Contrarian pair trades require patience and timing. However, sometimes Mr. Market hands you a ripe opportunity. I think the time is right to buy Expedia (NASDAQ:EXPE) and short Priceline (NASDAQ:PCLN).
Priceline has been scaling the overvalued wall of worry for a while. Expedia, on the other hand, continues to be hated by the market. Admittedly, Priceline has been growing faster and has done a better job internationally. Expedia, while still larger than Priceline, did not move aggressively enough internationally. Expedia has made some odd moves (no American Airlines?) but it has powerful brands and assets that will persevere in spite of its recent missteps. In particular, TripAdvisor is an extremely valuable asset at Expedia that is often overlooked.
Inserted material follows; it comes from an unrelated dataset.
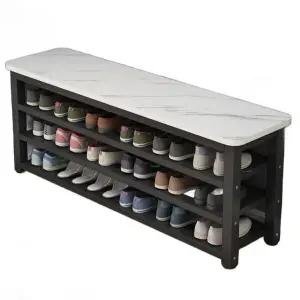 탈의실 대기실 벤치 대기 의자 스툴 헬스장 사우나 수영장 목욕탕 평상 온천 식당 헬스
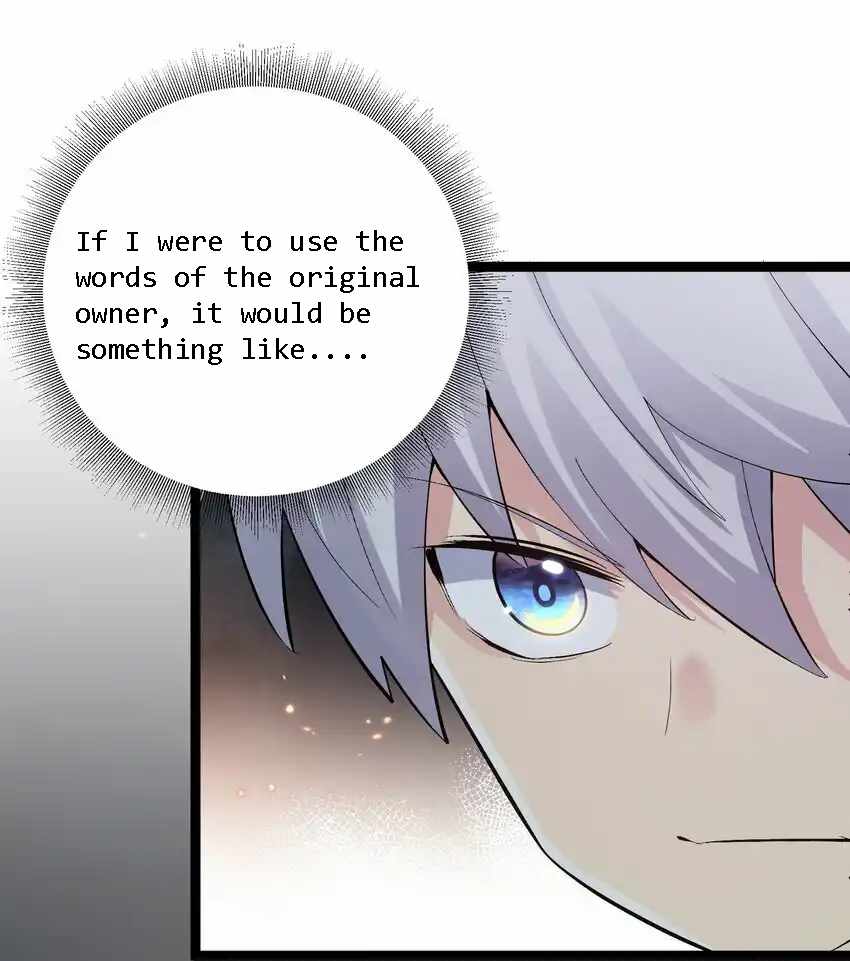 I Look Too Much Like The Boss And The World Actually Believes It — Chapter 9 — page 77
However, Priceline's enterprise value of $21.5 billion makes it more than 3.6 times as valuable as Expedia at $5.9 billion. If you believe Expedia is fairly valued, you have to make some pretty amazing leaps of faith in Priceline's strategic advantages and profit margin expansion. On the other hand, if you feel Priceline is fairly valued (or, somehow, undervalued) then you should think Expedia is a screaming bargain.
Stock Performance has diverged dramatically since mid-2010:
Looking at the stock chart suggests that Priceline is a rocket ship and Expedia is a falling knife. Therefore, this trade will require vigilance. Nonetheless, I think the recent market turbulence provides a great entry point.
Going forward, both companies face some challenges:
Disintermediation. The hotel chains and airlines don't like their profits going to the intermediators and are working to reduce their reliance on the biggest ones by increasing bookings on their own sites and getting better terms from competitors.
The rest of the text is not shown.